Following are the top five digital adoption trends that we can see in 2023:
1. Re-creation of end-user support for autonomous software users: Through the integration of self-help strategies directly into an application interface, the requirement for FAQ pages and customer care centers has been eliminated nowadays. This prevents unnecessary calls with a customer success manager for support inquiries or training on a new feature. These self-help centers link to a business or product’s Learning and Management System, process documentation, FAQs, training videos, and more to create an interactive, self-help hub for software users to look up answers to their contextual queries when required rather than having to contact a support agent.
2. Data-driven adoption strategies powered by end-user behavior analytics: In order to understand how users interact with a product, product teams can use no-code, embeddable product analytic tools to capture explicit user events. Through these tools, they can test user flows, examine product usage, and find and fix friction points, all using user behavioral data. The user no longer needs to adopt technology blindly; instead, they utilize real facts to guide their decisions. For example, it could include the creation of contextual user flows for different segments of end-users based on their device, level of use, role, learning preferences, etc., and understanding where users are failing off on your product and what features are not being adopted.
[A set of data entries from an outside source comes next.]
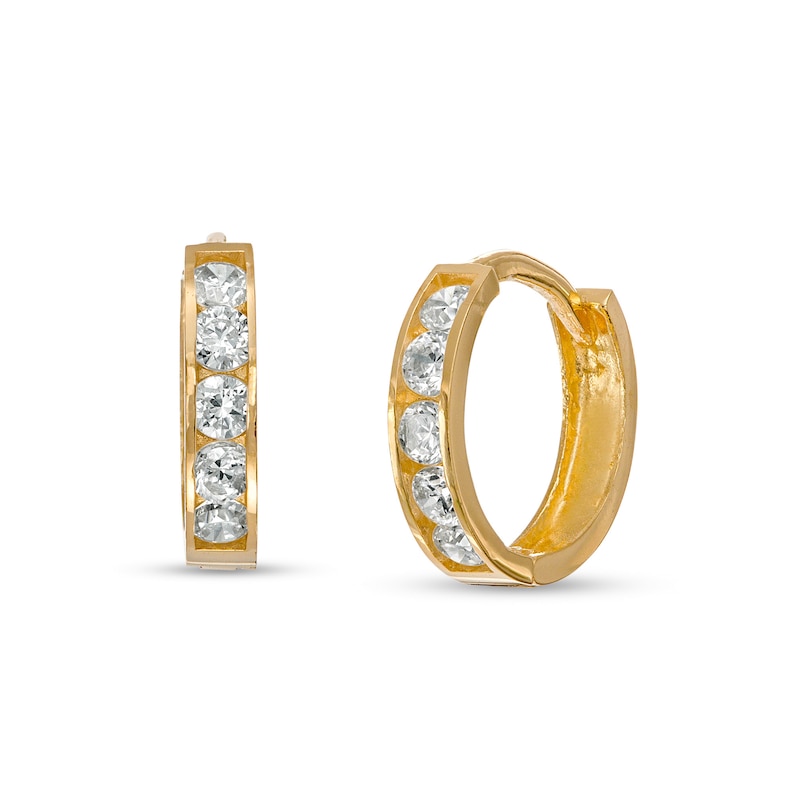 Cubic Zirconia Huggie Hoop Earrings in 14K Gold|Peoples Jewellers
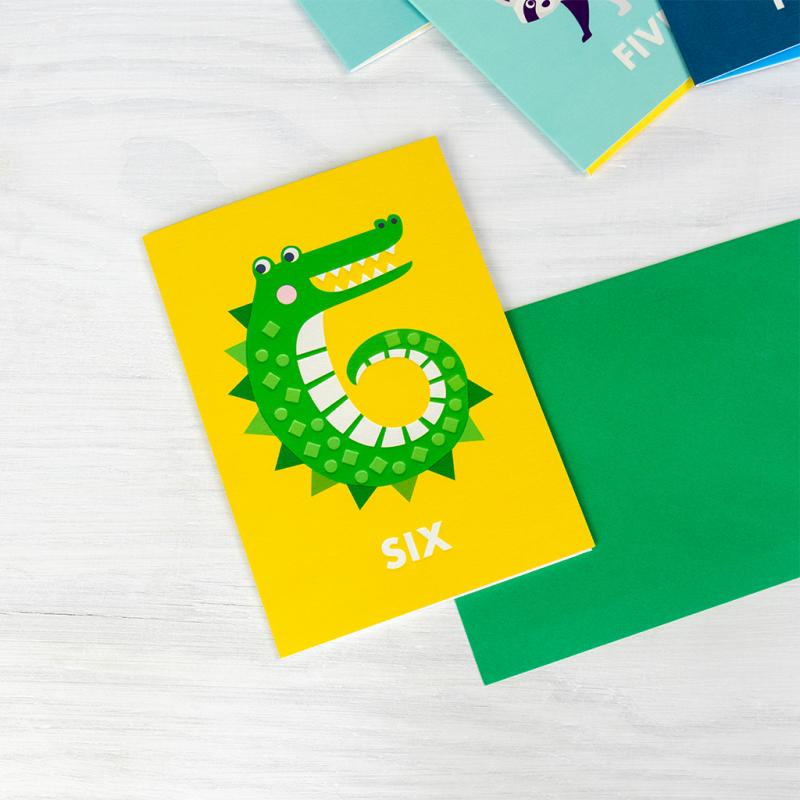 rex london Birthday card - Crocodile SIX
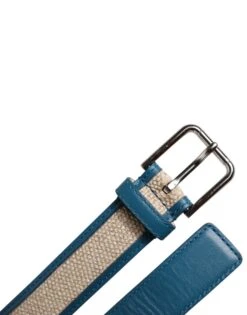 Dolce & Gabbana Blue Beige Leather Weaved Metal Buckle Men's Belt (Pre-Owned) -Lux Lair Store 6895291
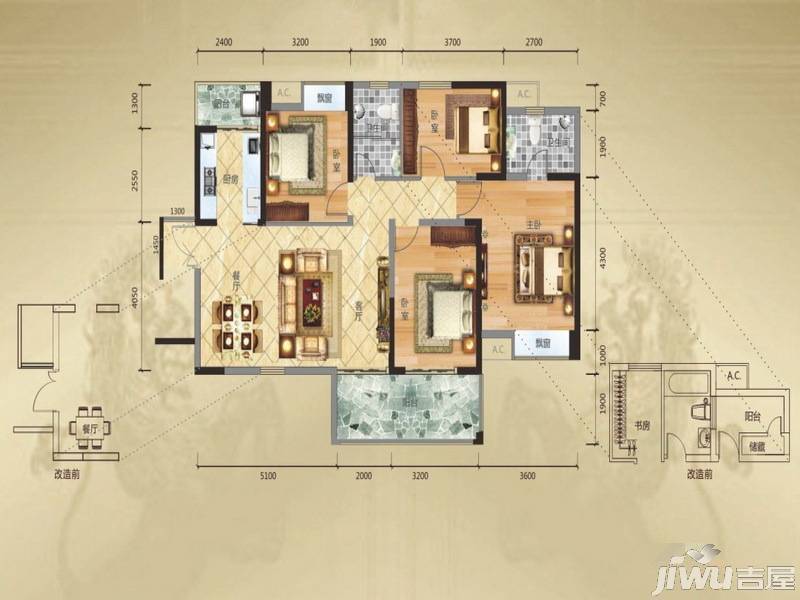 中建投·优品尚城4室2厅2卫127.6㎡户型图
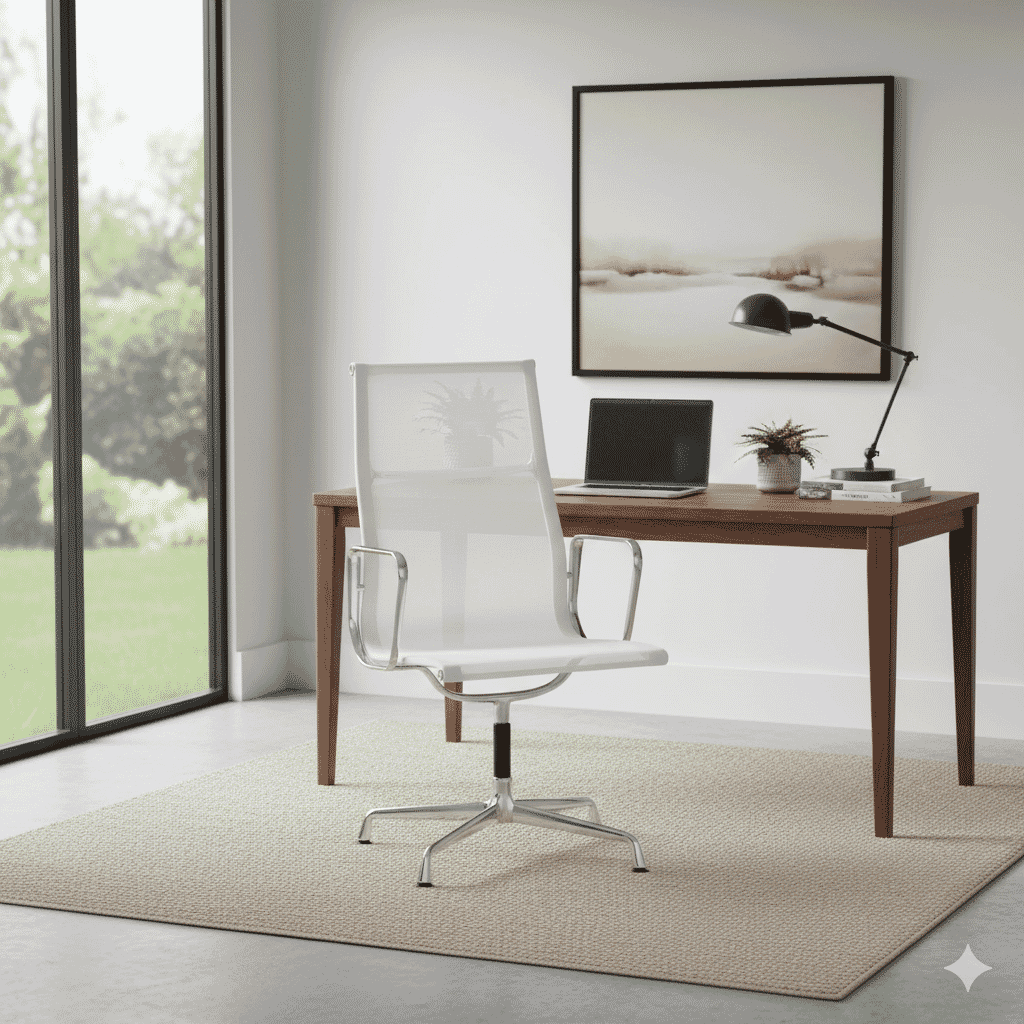 Eames Office Aluminium Chair EA 109 In White Mesh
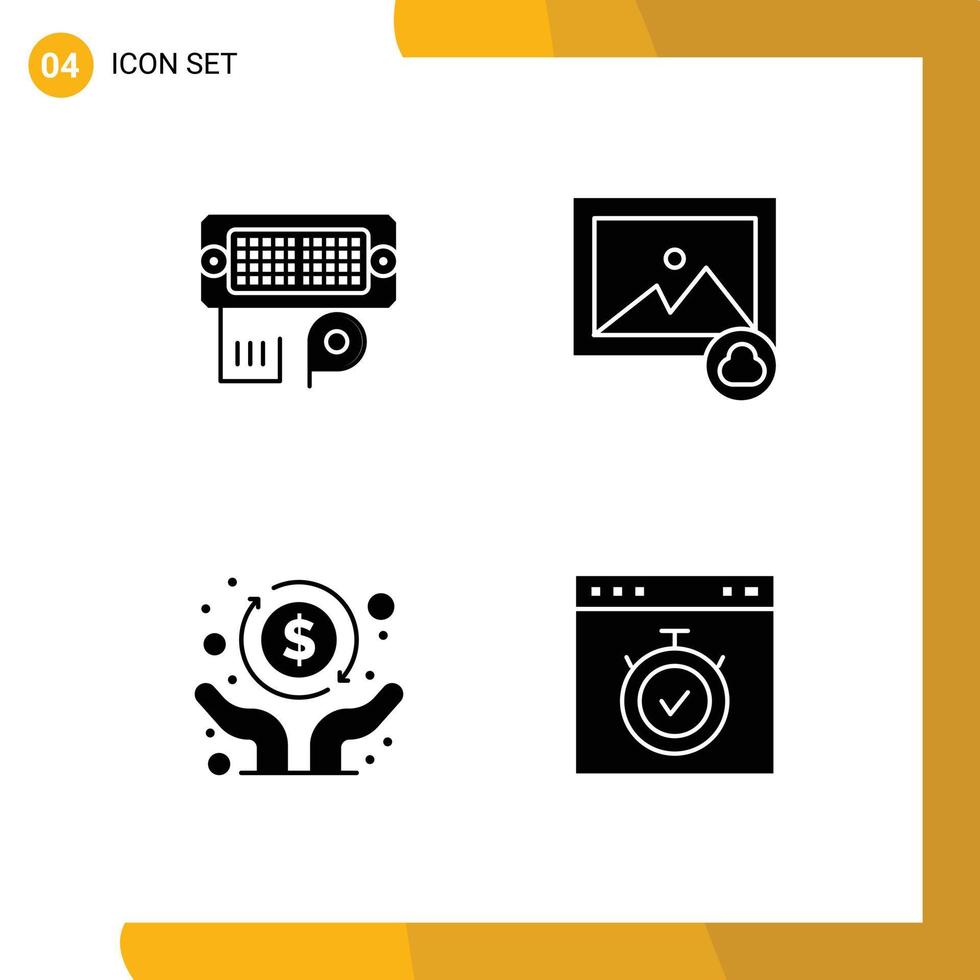 Mobile Interface Solid Glyph Set of Pictograms of adapter freedom input photo browser Editable Vector Design Elements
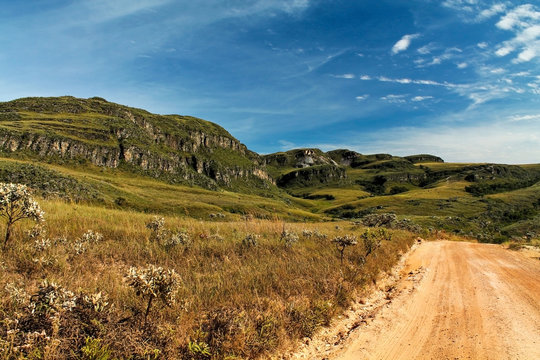Rural dirt road cutting through the Cerrado vegetation in the Serra da Canastra, Minas Gerais, Brazil. A peaceful landscape showcasing the beauty of Brazil's savanna ecosystem.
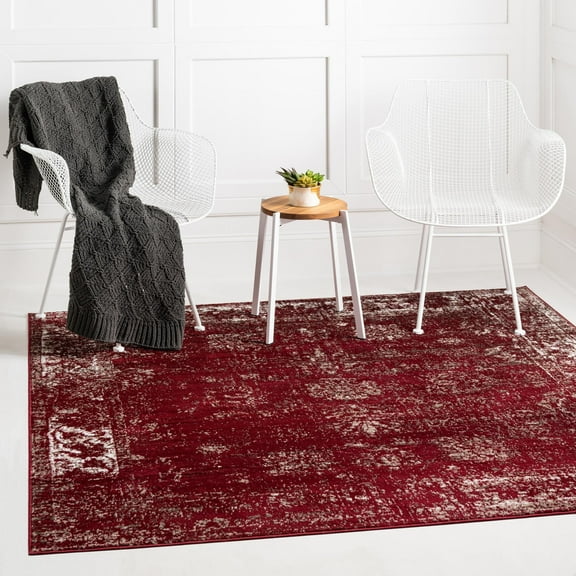 Rugs.com Monte Carlo Collection Rug – 6' Square Burgundy Medium Rug Perfect For Living Rooms, Kitchens, Entryways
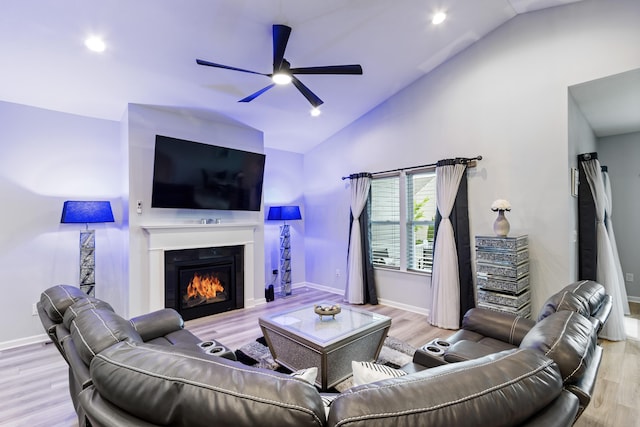 1333 Andy Way, Pataskala, OH 43062 - living area with a ceiling fan, a lit fireplace, wood finished floors, high vaulted ceiling, and recessed lighting
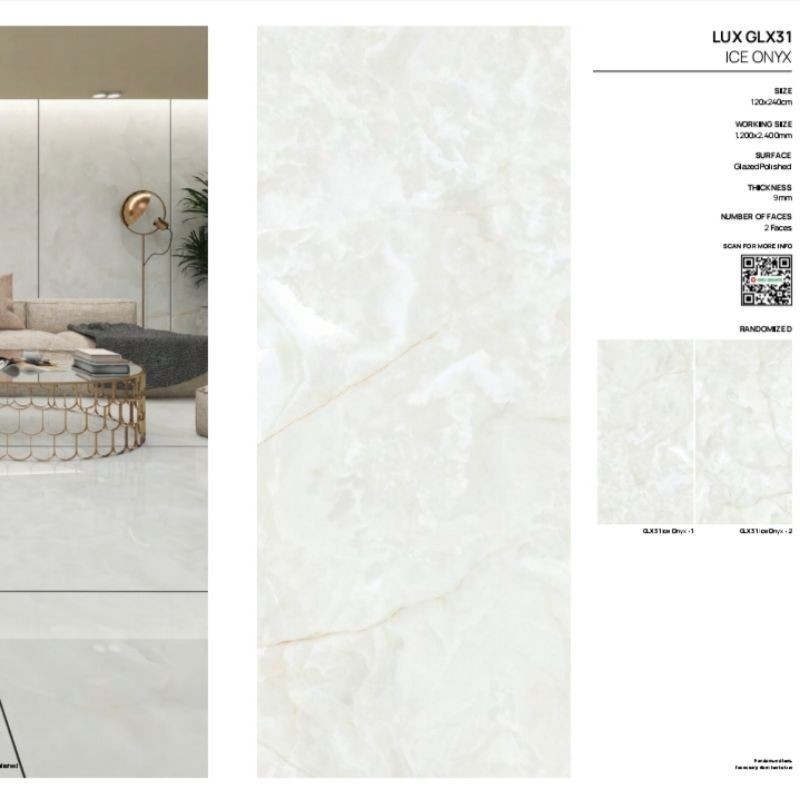 GRANIT GLOSSY BIG SLAB ICE ONYX GLX31 BY NIRO GRANIT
3. Smart user segmentation: Companies invest in software userization when they offer contextual adoption experiences that are tailored for diverse user groups. Userization combines the creation of software that is contextual to individual users, based on their roles, desired outcomes, needs, preferences, and more. These contextual user experiences maximize a user’s potential across their complete stack of software applications. This results in more objective-based software experiences and has a net-positive effect on each software user’s comprehension, productivity, and success when working on specific technologies.
In short, userization is the creation of a seamless, personalized user experience that not only benefits software users but also empowers them. It promotes efficiency and productivity by making collaborating and taking action easier, resulting in faster task completion and behavioral change. For example, a large organization would invest in an enterprise CRM, which will be used by multiple types of users such as account executives, BDRs, customer success managers, marketers, the operations team, and more. Each of these roles will need different onboarding, learning, and support content that is relevant to their role and how they use the CRM.
4. Outcome-based adoption strategies: Another interesting digital adoption trend is creating outcome-based adoption strategies for end-users. As technology advances, business-to-business and corporate software programs follow. In order to achieve this, digital adoption strategies must be adaptive and support experiences to accommodate a variety of outcome-based, needs-based, and role-based use cases that enables each unique customer to derive true value from the software.
5. Integrated application experiences: Rising digital adoption among enterprises has led to growth in the number of software being deployed for the execution of a single task. To deal with the issue of unique and complex product interfaces for B2B software applications and assist in their adoption plans, businesses are investing in digital adoption platforms (DAPs) that will enable integrated, unified application experiences across platforms – no matter the application type (desktop, web, mobile, custom) to provide a complete, end-to-end experience.